[WHAT IS BEING ASKED]
With the pictures left out, set down the line containing "May include: A" and each line after it to the end of the material, exactly as written.

◆ ◆ ◆

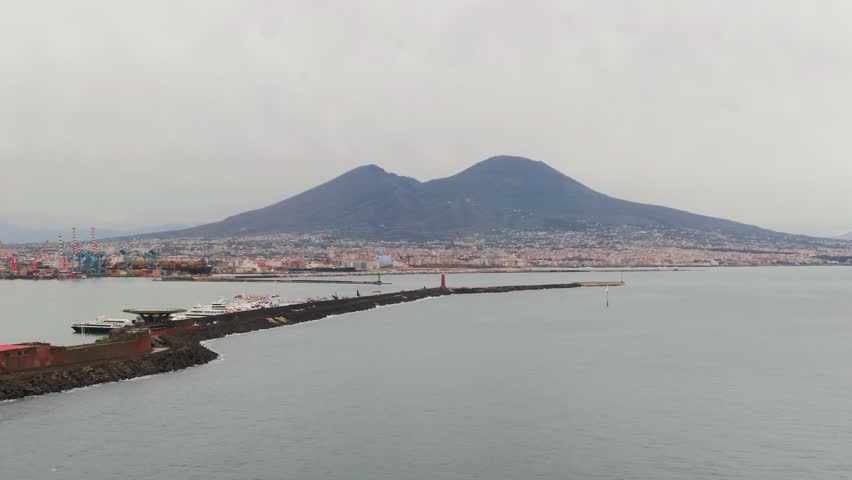 Panoramic view of Naples harbor, Mediterranean sea, and the iconic Vesuvius volcano in Italy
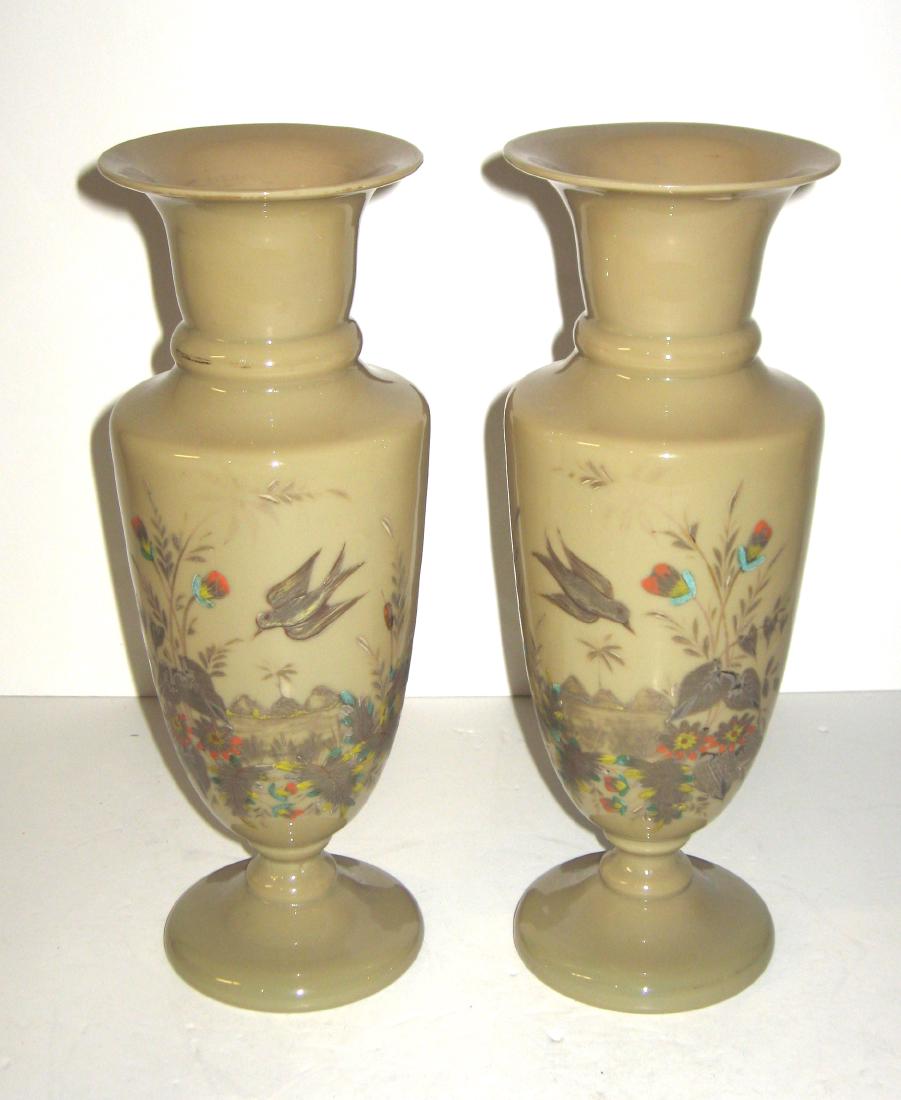 Pair of French opaline glass vases,: Footed urn form in tan homogenized glass decorated with birds and foliage, 12" ht. Condition: good with no chips cracks or repairs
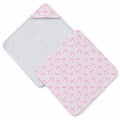 Pale pink hooded towel with pink ribbon bows, tiny sparkle accents, and the name Charlotte Mae repeated throughout.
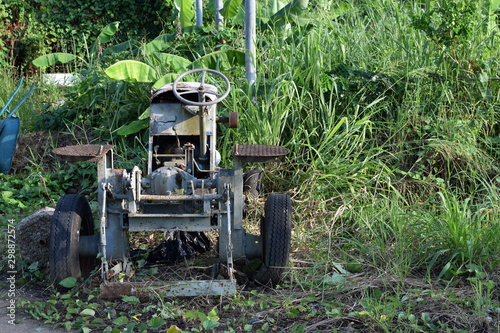 Wasted dilapidated rustic old farm tractor left on the vicinity of agricultural college campus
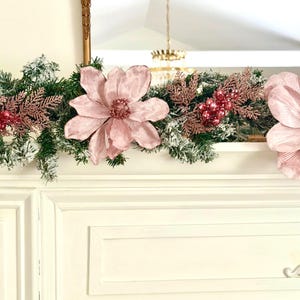 May include: A decorative garland featuring faux evergreen branches, dusted with snow, and adorned with large pink magnolia flowers and rose gold accents. The garland is displayed above a white surface, creating a festive and elegant look.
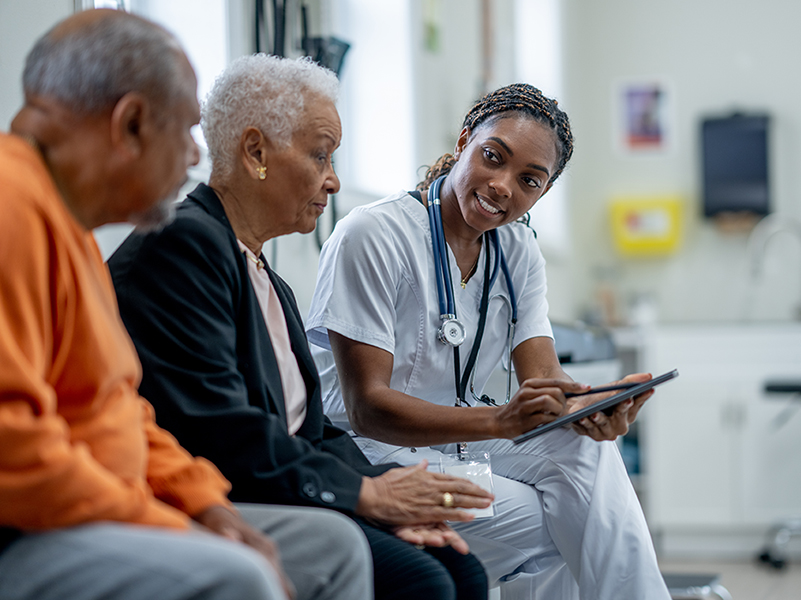 black nurse sitting with elderly black couple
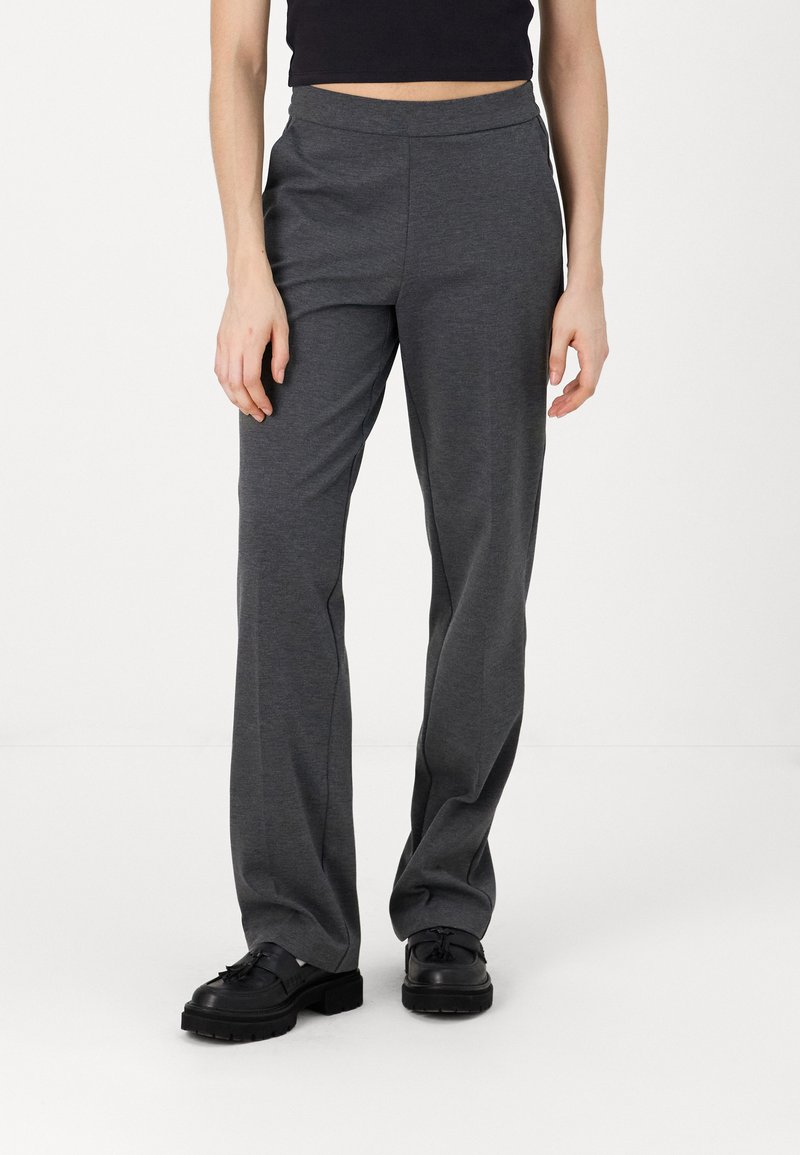 Pantalons gris, légers, extensibles avec un design à jambes larges et une taille élastique. Assortis à des chaussures noires à lacets épaisses.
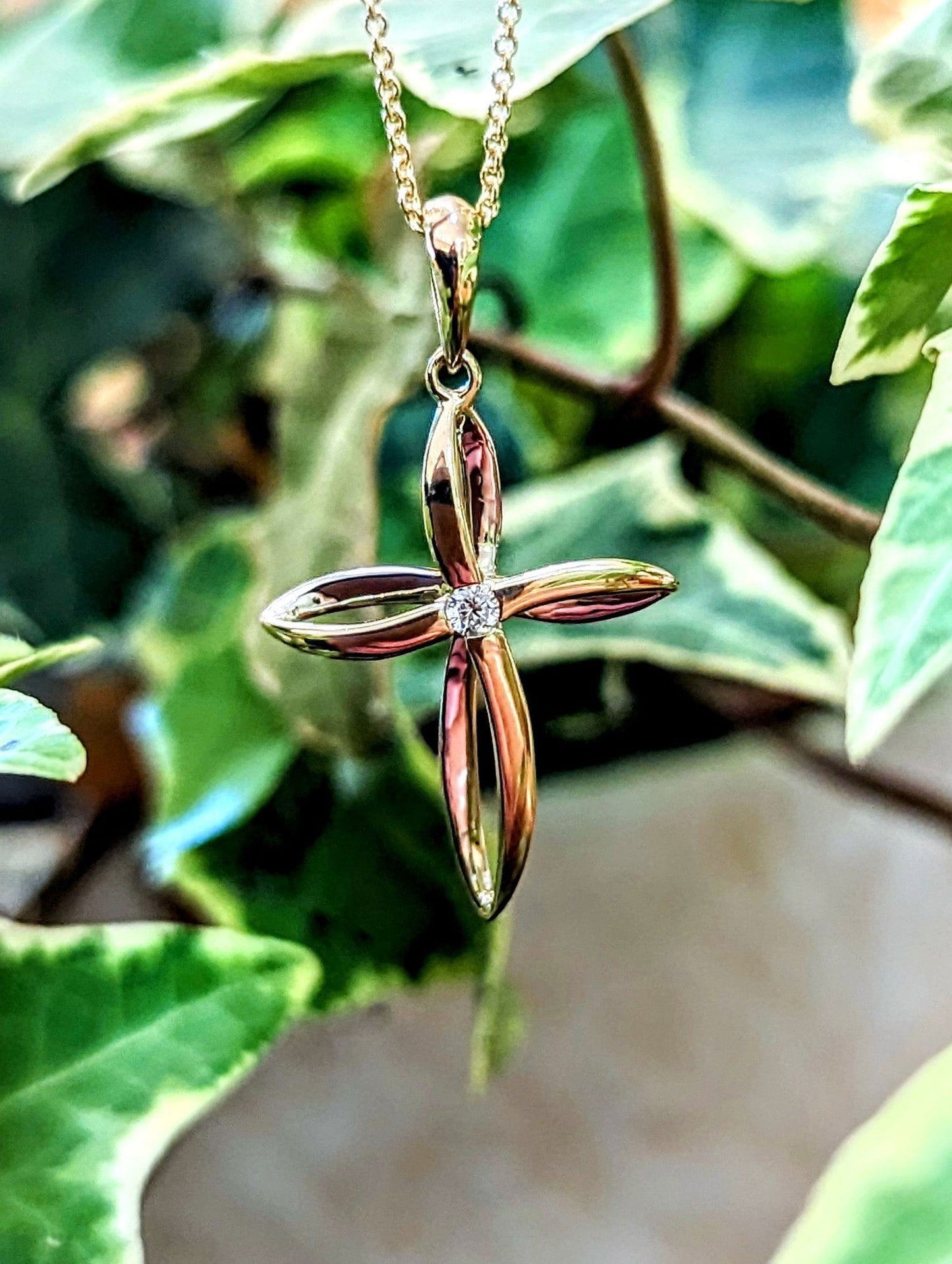 Photo of Twist Diamond Accented Cross in a decorative scene, designed by , available at Plumb Gold & Plumb Silver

◆ ◆ ◆

[TASK ANSWER]
 May include: A decorative garland featuring faux evergreen branches, dusted with snow, and adorned with large pink magnolia flowers and rose gold accents. The garland is displayed above a white surface, creating a festive and elegant look.
 black nurse sitting with elderly black couple
 Pantalons gris, légers, extensibles avec un design à jambes larges et une taille élastique. Assortis à des chaussures noires à lacets épaisses.
 Photo of Twist Diamond Accented Cross in a decorative scene, designed by , available at Plumb Gold & Plumb Silver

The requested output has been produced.